United States District Court, N.D. New York
Jan 24, 2023
6:23-CV-86 (MAD/ML) (N.D.N.Y. Jan. 24, 2023)

Opinion

6:23-CV-86 (MAD/ML)

01-24-2023

TIRZA F. MING, Plaintiff, v. JULIA BROUILLETTE, in her official and personal capacities, and MINDY A. LAND, Defendants.

TIRZA F. MING Plaintiff pro se


TIRZA F. MING

Plaintiff pro se

ORDER

Mae A. D'Agostino, U.S. District Judge:

Plaintiff commenced this action on January 23, 2023, asserting various causes of action against Defendant Julia Brouillette, an Oneida County Family Court Judge, and Mindy Land, an individual who allegedly lived with Plaintiff while she was a minor and up until January 18, 2023. See Dkt. No. 1. Although difficult to discern, the claims in the complaint appear to stem from personal disputes between Plaintiff and Defendant Land, which at various times involved Defendant Brouillette, acting in her capacity as a family court judge. See id. Specifically, in her affidavit of facts, Plaintiff alleges that on January 18, 2023, Defendant Land called the police and made "false accusations and filed a temporary refrain from order" against Plaintiff and Zaria Bartolomie, another individual who was temporarily living with them. See Dkt. No. 1 at 8. Plaintiff further alleges that, upon returning home, she discovered that Defendant Land had removed all of Plaintiff's and Ms. Bartolomie's belongings from their residence and had allegedly stolen some of the belongings. See id. At this point, Plaintiff and Ms. Bartolomie made an "affidavit of facts," which they brought to the Oneida County Family Court Clerk's Office. See id. Plaintiff alleges Judge Brouillette heard from both parties that same day, ignored Plaintiff's version of events, and ordered Plaintiff and Ms. Bartolomie to vacate their shared residence with Defendant Land within two hours. See id.

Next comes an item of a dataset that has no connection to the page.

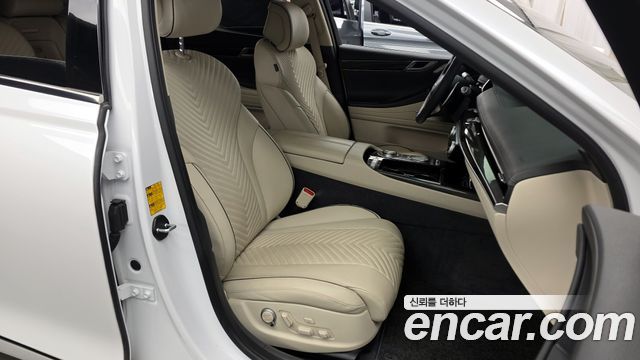 Genesis G80 2022 — photo 11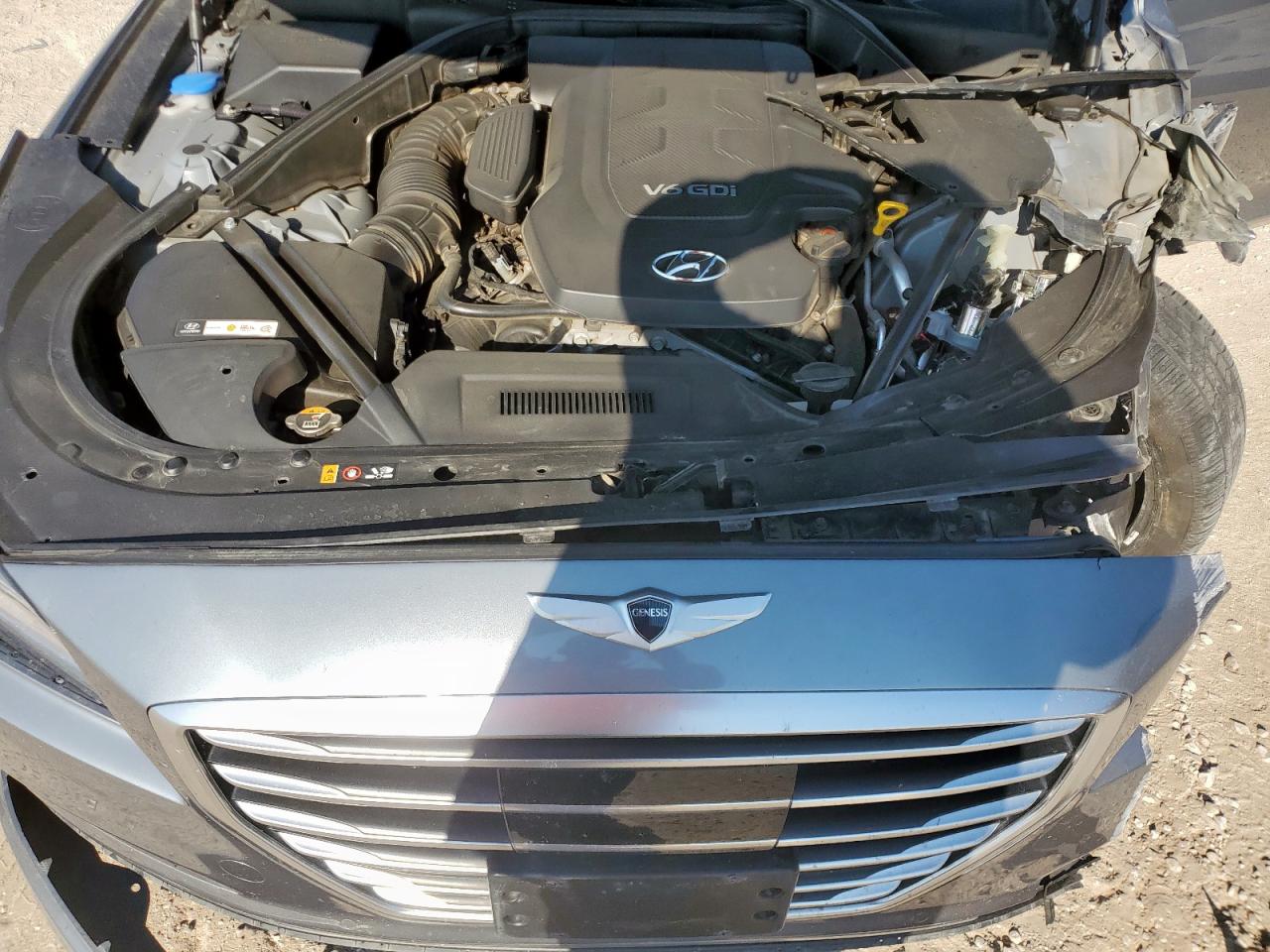 2015 Hyundai Genesis 3.8L VIN: KMHGN4JE7FU064650 Lot: 71511595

Under the causes of action, Plaintiff claims that Defendants' conduct constituted violations of, among other things, (1) various provisions of the New York State Penal Law, (2) 28 U.S.C. § 518, (3) 18 U.S.C. §§ 241-42, 245, (4) 42 U.S.C. §§ 3631, 14141, (5) 28 U.S.C. §§ 351-64, and (6) the First Amendment of the United States Constitution. See Dkt. No. 1 at 2, 5-6. In addition to the complaint, Plaintiff has filed a motion for a temporary restraining order, seeking an order directing, among other things, that Defendants "cease their criminal activity." Dkt. No. 2 at 1.

A preliminary injunction "is an extraordinary and drastic remedy, one that should not be granted unless the movant, by a clear showing, carries the burden of persuasion." Grand River Enter. Six Nations, Ltd. v. Pryor, 481 F.3d 60, 66 (2d Cir. 2007) (internal quotation marks omitted). A party seeking a preliminary injunction must demonstrate "(1) either (a) a likelihood of success on the merits or (b) sufficiently serious questions going to the merits to make them a fair ground for litigation and a balance of hardships tipping decidedly in the movant's favor, and (2) irreparable harm in the absence of the injunction." Faiveley Transport Mahno AB v. Wabtec Corp., 559 F.3d 110, 116 (2d Cir. 2009) (citation and internal quotation marks omitted). The legal standards governing preliminary injunctions and temporary restraining orders are the same. See AFA Dispensing Group B.V. v. Anheuser-Busch, Inc., 740 F.Supp.2d 465, 471 (S.D.N.Y. 2010).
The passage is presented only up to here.